Court Opinion

ID: 5635216
Source: CourtListenerOpinion
Date Created: 2022-01-11 05:44:39.394648+00
Date Added: 2024-06-11T08:37:44.679154
License: Public Domain

McMurray, Judge.
This case involves a foreign judgment obtained in Wisconsin on December 1,1967. Plaintiff seeks to enforce it in the Georgia courts in an action filed on August 22, 1974, against defendant now a Georgia resident.
On motion for summary judgment defendant seeks to pierce the pleadings by showing the foreign judgment is more than five years old, and the statute of limitation set forth in Code § 3-701 bars its enforcement in this state. Whereupon, plaintiff amended its complaint attempting to show a revival of the judgment in Wisconsin by an order granting leave to sue. It contends it then could sue on a new cause of action, the Georgia courts having authority to entertain transitory causes of action arising in another state.
The motion for summary judgment was granted in favor of the defendant, and plaintiff appeals. Held:
1. On August 22, 1974, defendant’s Wisconsin judgment was more than five years old and barred by the statute of limitation contained in Code § 3-701 unless a revived judgment was obtained which is not barred by the five year statute. Watkins v. Conway, 385 U. S. 188 (87 SC 357, 17 LE2d 286); Fagan v.
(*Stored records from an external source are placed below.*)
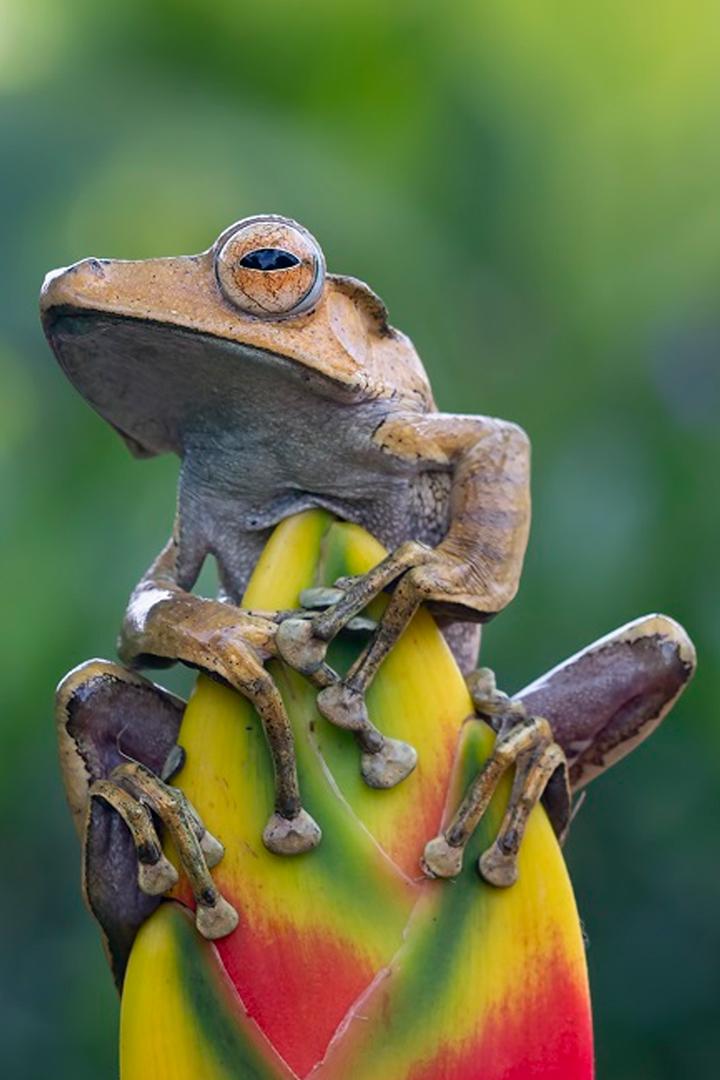 Сердце Борнео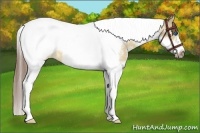Horse Color:Bay Dun Splash Tobiano Frame Appaloosa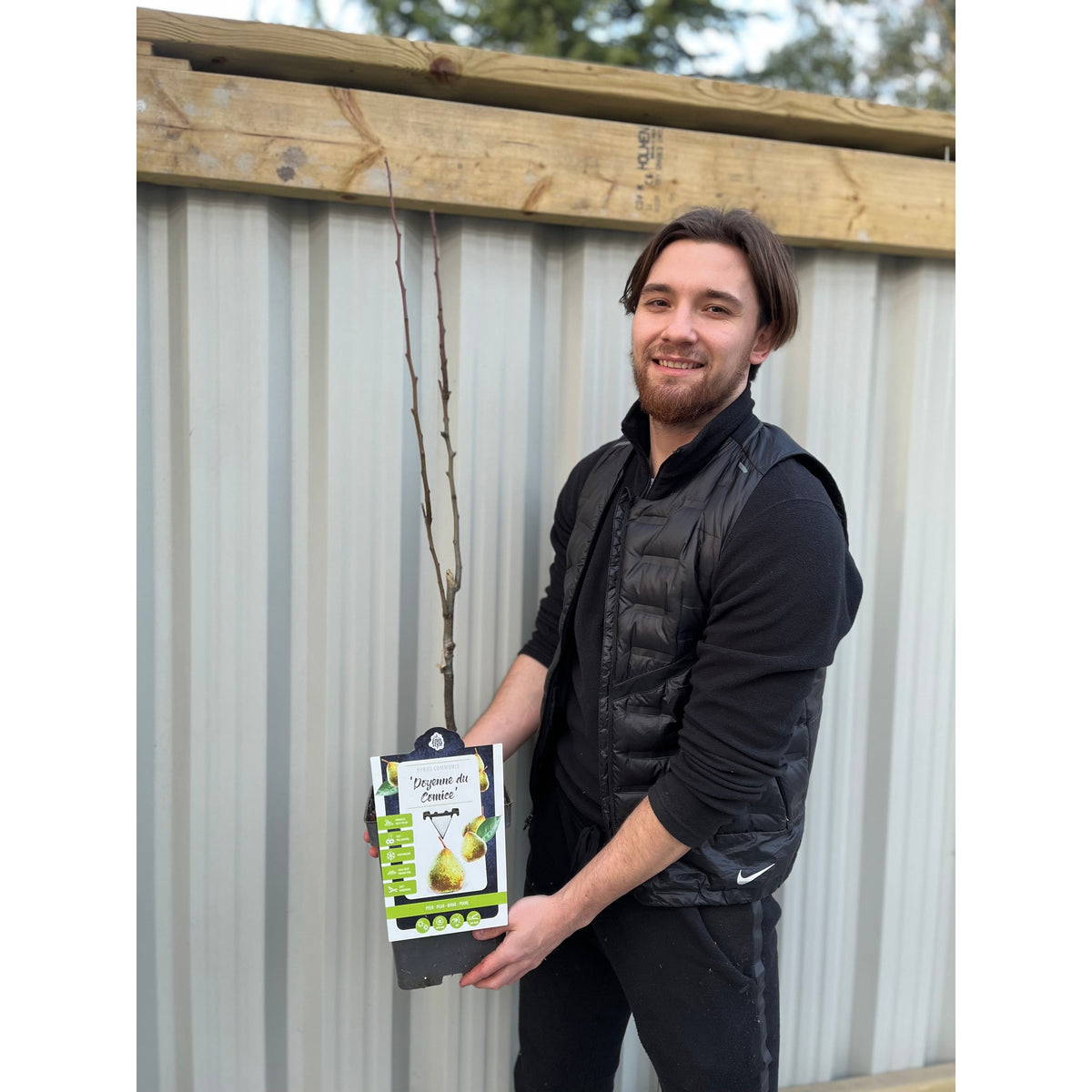 A smiling, bearded man in black holds a Dwarf/Patio Pear Tree - Pear &#39;Doyenne du Comice&#39; 1m in front of a corrugated metal fence and wooden beam. The plant label displays an image of pears.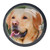 Idealiy Labrador Retriever Painting Cabinet Door Knobs Handles Pulls Cupboard Handles Drawer Wardrobe 4pcs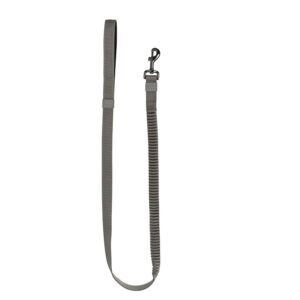 51 - Wanderful - Leash - Nylon - Bungee Flat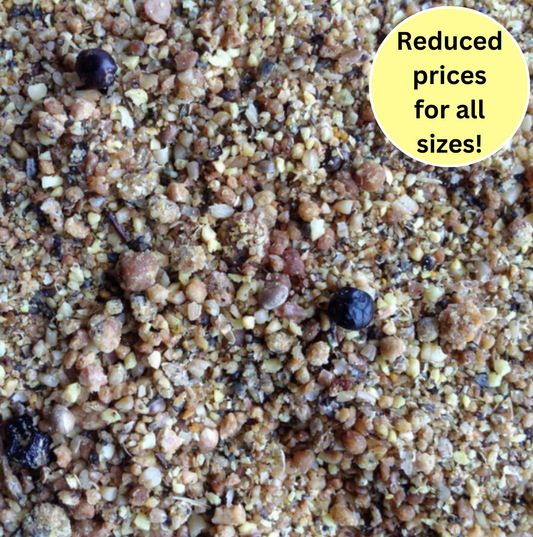 Prosecto™ Insectivorous Bird Food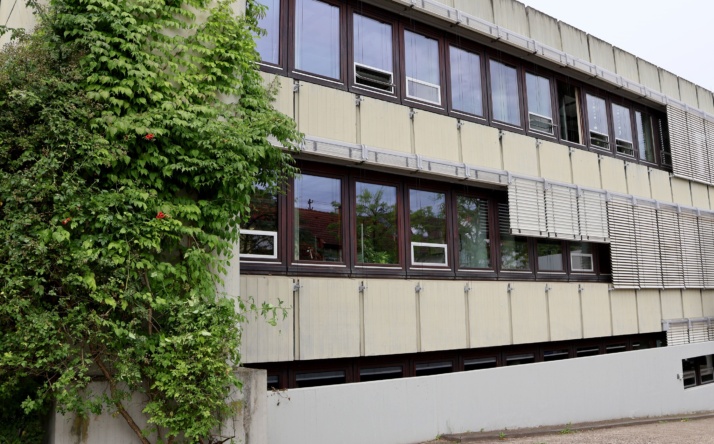 Stadt Walldorf will Fassadenbegrünung bezuschussen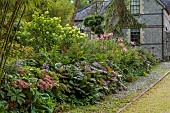 JUNE BLAKES GARDEN, IRELAND: JULY, BORDER, SHADE, SHADY, RODGERSIAS, HYDRANGEA, BAMBOO, CLIPPED CLOUD PRUNED BOX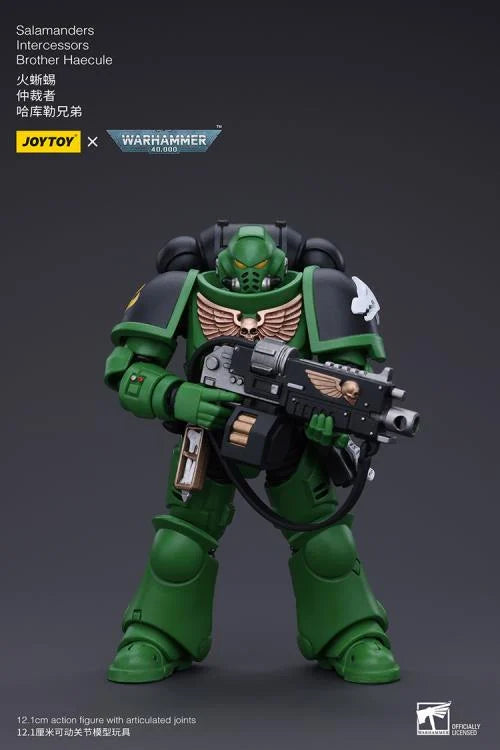 Warhammer 40k Salamanders Intercessors Brother Haecule 1/18 Scale Action Figure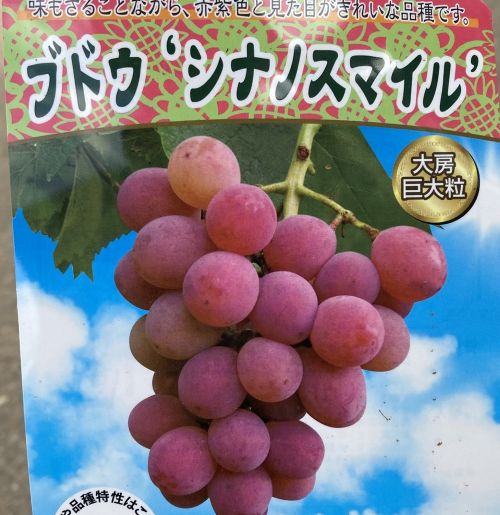 楽天市場】ぶどう 苗木 錦野葡萄（斑入り葉野葡萄）ノブドウ《果樹苗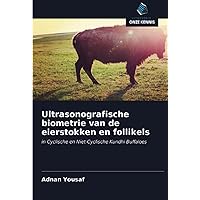 Ultrasonografische biometrie van de eierstokken en follikels: in Cyclische en Niet-Cyclische Kundhi Buffaloes (Dutch Edition)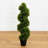 Grass Spiral Topiary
Bently, 32 Ga. 534; Baty v. Holston, 108 Ga. App. 359 (133 SE2d 107).
2. Examination of the stipulation of facts discloses a Wisconsin court order granting plaintiff leave to sue on the judgment for revival purposes, but no order of revival as that found in Fagan v. Bently, supra, and Baty v. Holston, supra. Plaintiff, by brief, refers to the fact that the order granting leave to sue was a final appealable judgment which has not been appealed. But this does not make it a "revived” judgment. Nor does it create a transitory cause of action on which the Georgia courts may grant judgment. Georgia courts may grant judgment on the foreign decree but lack authority to revive a Wisconsin judgment. Dormant judgments may be revived under Code Ch. 110-10, but this chapter of the Code, as amended, does not authorize the revival of a foreign judgment.
Argued July 6,1976
Decided September 16, 1976.
Wills, Catts & Ford, Warren W. Wills, Jr., for appellant.
Smith, Cohen, Ringel, Kohler & Martin, Warren C. Fortson, for appellee.
3. Defendant argues that the Wisconsin judgment has never been dormant under Wisconsin law, hence cannot be revived; and that this case is controlled by Frank v. Wolf, 17 Ga. App. 468 (1) (87 SE 697). But this is not established by the evidence, and since we cannot take judicial cognizance of the law of Wisconsin and that which allegedly applies had not been proven in the lower court, we cannot hold that Frank v. Wolf, supra, controls. See Independent Order of Puritans v. Cadden, 25 Ga. App. 27 (102 SE 454); Norman v. Sovereign Camp, WOW, 69 Ga. App. 437 (1) (25 SE2d 887).
4. An order to sue is not an order of revival of a judgment, whether or not the plaintiff had a right to revive. It may be a final order but it is not a final foreign money judgment which plaintiff is seeking to have made into a judgment in this state. The cases as to suits on transitory actions do not support the plaintiff here. The foreign judgment on which plaintiff seeks judgment in this state is barred; and the lower court did not err in granting summary judgment.

Judgment affirmed.

Marshall and Smith, JJ., concur.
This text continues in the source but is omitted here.